- THE PROBLEM -
Please print, exactly, only the lines in the entries below from the line that has "The Disasters of" through the line that has "SaSa Christmas Promotion". Pictures don't go in.

* * * * *

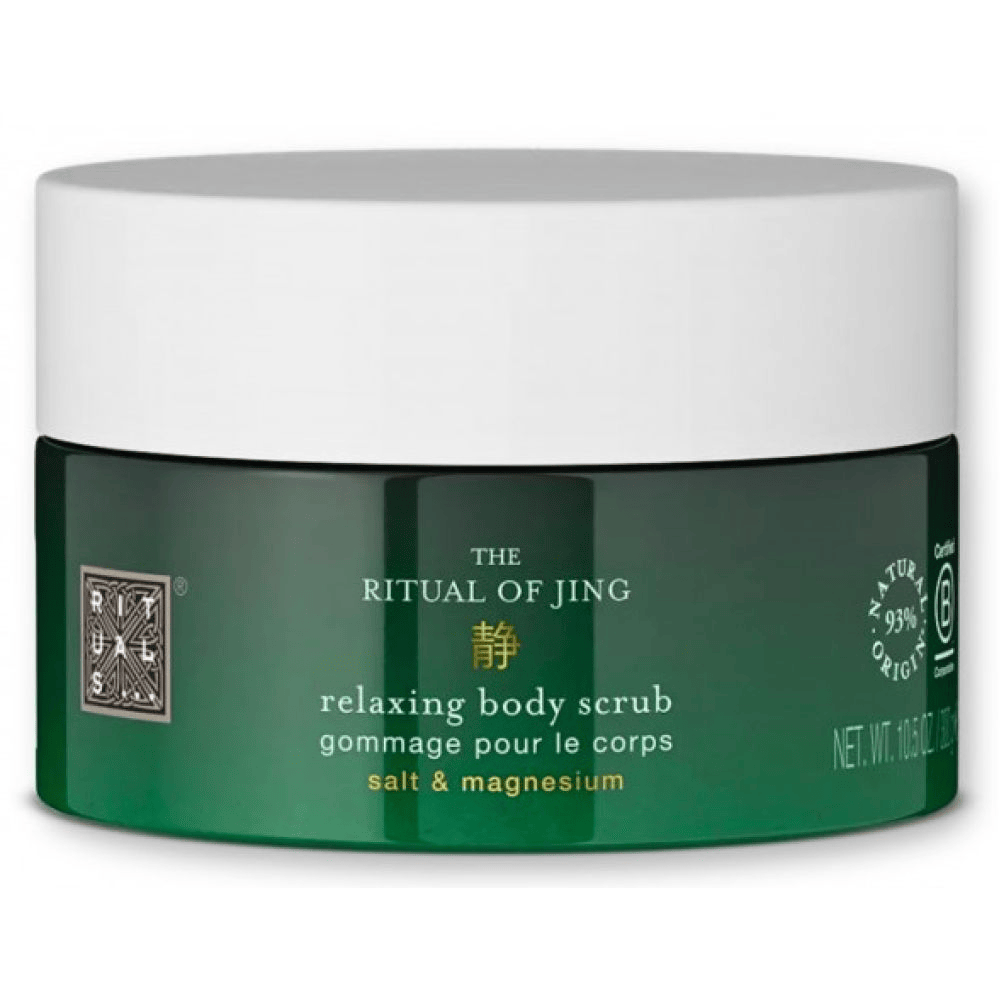 Скраб для тіла Rituals The Ritual of Jing Relaxing Body Scrub, 300 грам, Нідерланди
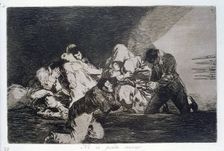 The Disasters of War, a series of etchings by Francisco de Goya (1746-1828), plate 26: No se pue…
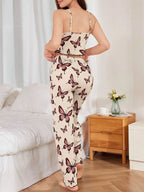 Butterfly print pajama set - View 22 | WEUXS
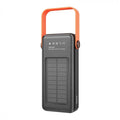 HOCO DB33 Solar Charging Portable Power Bank 30000mAh – Black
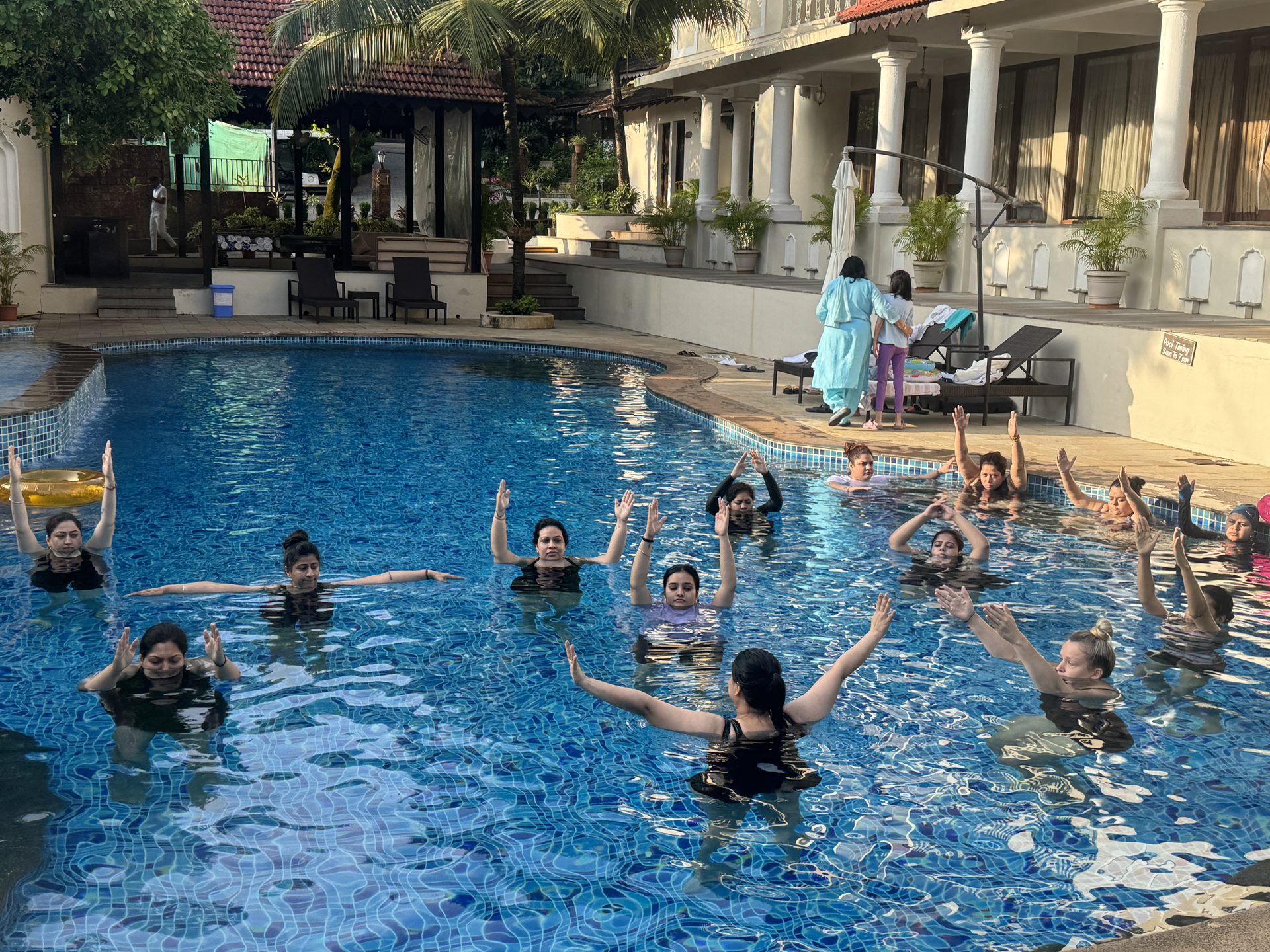 Aqua yoga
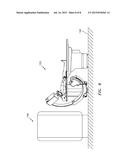 NON-MAGNETIC MOBILE C-ARM FLUOROSCOPY DEVICE diagram and image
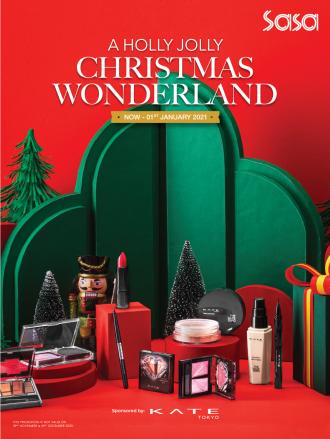 SaSa Christmas Promotion Catalogue (10 Nov 2020 - 1 Jan 2021)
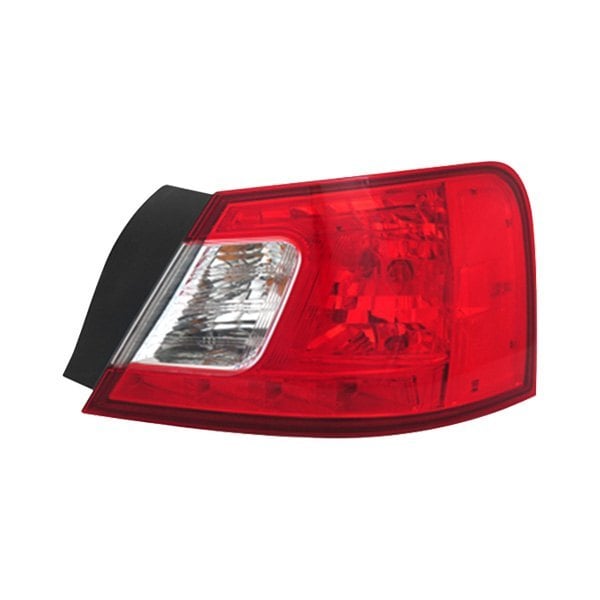 2009-2012 Mitsubishi Galant Passenger Side Tail Light Assembly - MI2801134-Partify-Painted-Replacement-Body-Parts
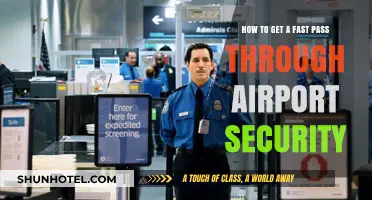 Speed Through Airport Security: Quick Tips for a Fast Pass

* * * * *

- TASK OUTPUT -
 The Disasters of War, a series of etchings by Francisco de Goya (1746-1828), plate 26: No se pue…
 Butterfly print pajama set - View 22 | WEUXS
 HOCO DB33 Solar Charging Portable Power Bank 30000mAh – Black
 Aqua yoga
 NON-MAGNETIC MOBILE C-ARM FLUOROSCOPY DEVICE diagram and image
 SaSa Christmas Promotion Catalogue (10 Nov 2020 - 1 Jan 2021)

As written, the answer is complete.